Librem 5 security and privacy-focused smartphone is powered by a GNU/Linux operating system based on Debian GNU/Linux and running only Open Source software apps on top of a popular desktop environment like KDE Plasma Mobile or GNOME Shell.
"Running Free/Libre and Open Source software and a GNU+Linux Operating System designed to create an open development utopia, rather than the walled gardens from all other phone providers", said Purism.
"A fully standards-based freedom-oriented system, based on Debian and many other upstream projects."
The Librem 5 smartphone also wants to be the world's first ever IP-native mobile device that uses decentralized end-to-end encrypted communication. It won't be compatible with Google's Android or Apple's iOS mobile operating systems, but it's capable of running any GNU/Linux distribution if its source code is freely available.

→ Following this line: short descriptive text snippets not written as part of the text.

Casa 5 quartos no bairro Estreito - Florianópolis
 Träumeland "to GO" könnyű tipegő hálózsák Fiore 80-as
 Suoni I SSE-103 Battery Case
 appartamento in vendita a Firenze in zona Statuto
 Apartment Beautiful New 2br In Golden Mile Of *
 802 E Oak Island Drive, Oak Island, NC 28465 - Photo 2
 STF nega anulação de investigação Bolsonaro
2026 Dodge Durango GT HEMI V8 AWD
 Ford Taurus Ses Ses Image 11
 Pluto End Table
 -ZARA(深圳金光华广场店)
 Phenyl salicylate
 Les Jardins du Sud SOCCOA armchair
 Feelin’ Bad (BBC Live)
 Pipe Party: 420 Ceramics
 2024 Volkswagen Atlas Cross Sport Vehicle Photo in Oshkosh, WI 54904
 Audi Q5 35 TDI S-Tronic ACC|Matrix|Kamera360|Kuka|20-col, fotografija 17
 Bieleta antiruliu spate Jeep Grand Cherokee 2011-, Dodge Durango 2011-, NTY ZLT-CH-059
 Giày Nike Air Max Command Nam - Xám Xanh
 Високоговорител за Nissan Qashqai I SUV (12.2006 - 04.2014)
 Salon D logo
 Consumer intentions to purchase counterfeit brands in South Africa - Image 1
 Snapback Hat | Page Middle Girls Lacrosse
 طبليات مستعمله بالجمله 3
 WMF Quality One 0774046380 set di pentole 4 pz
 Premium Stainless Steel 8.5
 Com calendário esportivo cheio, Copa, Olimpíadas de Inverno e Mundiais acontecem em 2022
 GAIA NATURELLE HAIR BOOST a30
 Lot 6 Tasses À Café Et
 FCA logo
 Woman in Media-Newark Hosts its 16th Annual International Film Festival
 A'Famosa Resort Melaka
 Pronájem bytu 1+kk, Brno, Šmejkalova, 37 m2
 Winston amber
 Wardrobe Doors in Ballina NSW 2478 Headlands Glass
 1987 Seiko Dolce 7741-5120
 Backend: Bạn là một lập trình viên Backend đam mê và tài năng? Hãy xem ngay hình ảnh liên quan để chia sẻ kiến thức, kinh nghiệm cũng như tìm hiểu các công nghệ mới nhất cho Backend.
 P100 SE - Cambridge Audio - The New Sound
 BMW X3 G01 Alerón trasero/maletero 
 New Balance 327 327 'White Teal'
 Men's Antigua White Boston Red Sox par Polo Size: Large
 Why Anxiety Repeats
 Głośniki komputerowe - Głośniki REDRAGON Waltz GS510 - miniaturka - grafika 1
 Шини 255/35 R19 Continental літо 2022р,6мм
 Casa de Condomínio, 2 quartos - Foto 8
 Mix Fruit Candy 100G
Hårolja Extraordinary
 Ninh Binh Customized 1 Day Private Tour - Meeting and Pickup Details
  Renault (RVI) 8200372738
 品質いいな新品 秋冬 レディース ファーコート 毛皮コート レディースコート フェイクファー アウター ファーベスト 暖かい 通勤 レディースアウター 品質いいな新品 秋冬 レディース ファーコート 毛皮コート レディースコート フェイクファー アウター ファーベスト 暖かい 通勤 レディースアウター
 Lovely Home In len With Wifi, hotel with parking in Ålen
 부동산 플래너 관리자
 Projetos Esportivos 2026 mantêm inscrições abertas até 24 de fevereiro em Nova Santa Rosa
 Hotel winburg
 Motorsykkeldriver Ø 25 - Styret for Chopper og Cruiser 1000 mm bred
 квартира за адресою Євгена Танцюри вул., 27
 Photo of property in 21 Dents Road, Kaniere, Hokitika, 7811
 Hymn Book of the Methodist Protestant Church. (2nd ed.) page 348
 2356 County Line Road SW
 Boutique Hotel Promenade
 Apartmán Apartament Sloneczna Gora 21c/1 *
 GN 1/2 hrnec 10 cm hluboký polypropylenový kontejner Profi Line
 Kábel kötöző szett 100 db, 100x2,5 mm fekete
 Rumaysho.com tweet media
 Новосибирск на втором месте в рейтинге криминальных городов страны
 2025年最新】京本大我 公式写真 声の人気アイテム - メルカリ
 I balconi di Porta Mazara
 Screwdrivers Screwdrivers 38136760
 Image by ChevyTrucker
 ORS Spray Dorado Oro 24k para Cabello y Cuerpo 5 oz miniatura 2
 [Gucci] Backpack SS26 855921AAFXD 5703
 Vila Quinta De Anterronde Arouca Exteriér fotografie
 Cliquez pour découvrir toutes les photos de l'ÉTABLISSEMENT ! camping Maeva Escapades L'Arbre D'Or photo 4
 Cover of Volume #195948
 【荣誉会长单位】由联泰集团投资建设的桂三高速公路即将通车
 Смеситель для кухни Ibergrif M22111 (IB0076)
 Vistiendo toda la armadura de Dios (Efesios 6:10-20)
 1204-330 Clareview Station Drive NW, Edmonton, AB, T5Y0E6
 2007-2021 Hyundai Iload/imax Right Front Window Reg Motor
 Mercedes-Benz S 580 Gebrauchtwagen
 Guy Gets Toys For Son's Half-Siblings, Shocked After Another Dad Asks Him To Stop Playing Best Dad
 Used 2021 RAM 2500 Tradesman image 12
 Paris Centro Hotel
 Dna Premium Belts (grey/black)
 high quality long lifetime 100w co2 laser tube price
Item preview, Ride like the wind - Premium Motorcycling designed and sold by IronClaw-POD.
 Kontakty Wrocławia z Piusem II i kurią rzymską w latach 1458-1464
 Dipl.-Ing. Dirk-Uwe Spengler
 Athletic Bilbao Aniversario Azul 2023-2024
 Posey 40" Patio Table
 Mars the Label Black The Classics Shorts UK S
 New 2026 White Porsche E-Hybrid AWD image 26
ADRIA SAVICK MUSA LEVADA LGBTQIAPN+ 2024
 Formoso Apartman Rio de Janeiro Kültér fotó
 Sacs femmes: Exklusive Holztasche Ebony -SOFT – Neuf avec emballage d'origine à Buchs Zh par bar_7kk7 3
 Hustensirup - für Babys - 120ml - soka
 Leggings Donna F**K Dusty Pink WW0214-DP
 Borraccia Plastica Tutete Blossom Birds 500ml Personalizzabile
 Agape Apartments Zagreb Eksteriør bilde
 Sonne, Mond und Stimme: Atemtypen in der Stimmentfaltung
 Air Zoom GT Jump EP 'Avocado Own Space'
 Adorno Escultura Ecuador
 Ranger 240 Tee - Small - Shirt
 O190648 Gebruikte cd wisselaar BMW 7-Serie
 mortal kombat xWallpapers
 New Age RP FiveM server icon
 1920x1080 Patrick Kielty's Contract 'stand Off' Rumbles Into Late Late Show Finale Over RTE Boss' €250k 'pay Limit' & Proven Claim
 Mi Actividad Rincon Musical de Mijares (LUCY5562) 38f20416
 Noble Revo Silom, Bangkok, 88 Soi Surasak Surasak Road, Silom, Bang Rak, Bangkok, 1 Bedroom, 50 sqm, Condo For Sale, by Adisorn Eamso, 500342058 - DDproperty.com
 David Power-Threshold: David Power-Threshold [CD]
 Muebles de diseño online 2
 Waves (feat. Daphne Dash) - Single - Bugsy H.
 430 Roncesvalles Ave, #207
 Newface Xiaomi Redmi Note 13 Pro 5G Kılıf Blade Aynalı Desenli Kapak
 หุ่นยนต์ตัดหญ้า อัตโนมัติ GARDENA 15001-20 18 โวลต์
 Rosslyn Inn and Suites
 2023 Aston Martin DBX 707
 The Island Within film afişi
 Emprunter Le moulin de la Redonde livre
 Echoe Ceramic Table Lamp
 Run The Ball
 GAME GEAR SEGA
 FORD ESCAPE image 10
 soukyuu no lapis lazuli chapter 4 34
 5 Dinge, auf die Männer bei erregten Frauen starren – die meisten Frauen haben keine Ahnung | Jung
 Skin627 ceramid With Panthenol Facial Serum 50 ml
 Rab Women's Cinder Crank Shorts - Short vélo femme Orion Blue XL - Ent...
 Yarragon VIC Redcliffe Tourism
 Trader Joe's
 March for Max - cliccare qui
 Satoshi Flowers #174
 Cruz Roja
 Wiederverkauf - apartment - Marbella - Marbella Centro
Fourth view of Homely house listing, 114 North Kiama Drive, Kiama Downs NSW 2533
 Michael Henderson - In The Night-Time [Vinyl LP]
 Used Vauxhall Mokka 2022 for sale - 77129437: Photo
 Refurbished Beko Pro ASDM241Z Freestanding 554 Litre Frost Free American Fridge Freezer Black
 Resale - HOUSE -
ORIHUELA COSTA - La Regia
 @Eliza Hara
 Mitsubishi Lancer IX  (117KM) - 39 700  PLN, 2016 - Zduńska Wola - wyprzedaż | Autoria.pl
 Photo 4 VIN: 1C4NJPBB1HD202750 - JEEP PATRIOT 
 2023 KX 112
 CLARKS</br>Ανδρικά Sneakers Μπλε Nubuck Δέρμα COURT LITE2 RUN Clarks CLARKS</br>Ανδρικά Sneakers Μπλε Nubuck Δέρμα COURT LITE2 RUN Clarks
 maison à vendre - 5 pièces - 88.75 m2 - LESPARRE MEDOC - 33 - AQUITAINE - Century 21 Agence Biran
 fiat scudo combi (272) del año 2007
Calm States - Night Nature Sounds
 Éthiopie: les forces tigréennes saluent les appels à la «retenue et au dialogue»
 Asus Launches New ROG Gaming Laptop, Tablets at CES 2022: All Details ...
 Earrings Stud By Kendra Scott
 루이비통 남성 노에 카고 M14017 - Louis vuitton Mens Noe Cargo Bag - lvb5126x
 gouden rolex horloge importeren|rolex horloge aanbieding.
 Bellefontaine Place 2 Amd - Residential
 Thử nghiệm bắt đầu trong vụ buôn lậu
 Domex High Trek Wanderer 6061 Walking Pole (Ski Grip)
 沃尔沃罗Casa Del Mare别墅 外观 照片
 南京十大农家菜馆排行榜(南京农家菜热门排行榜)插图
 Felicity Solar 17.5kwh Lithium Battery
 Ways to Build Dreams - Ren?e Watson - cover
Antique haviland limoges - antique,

Under the bonnet is an i.MX 6 or i.MX 8 processor with separate baseband modem which is designed to make it difficult to be monitored by government agencies.
Librem 5 also features hardware kill switches for Wi-Fi, Bluetooth, camera, microphone, as well as baseband. It runs Purism's PureOS GNU/Linux by default, which is based on the Debian GNU/Linux operating system.
When it ships it will offer basic communication services: phone, email, messaging, voice, camera, browsing, and will expand after shipment and over time to more free software applications, through shared collaboration with the developer community, notes Purism on the Librem 5 website.
It can run HTML5 apps, and native Linux programs. It can connect to Android, iOS, or Windows devices, and can be transformed into a full-fledged PC if you attach a monitor, keyboard and mouse. The first units are expected to arrive Q1 2019
Purism needs to find a manufacturer to build the units, which will go through a complex hardware testing process. PureOS also needs to be thoroughly tested before it can be deployed on Librem 5, so expect it to arrive in Q1 2019.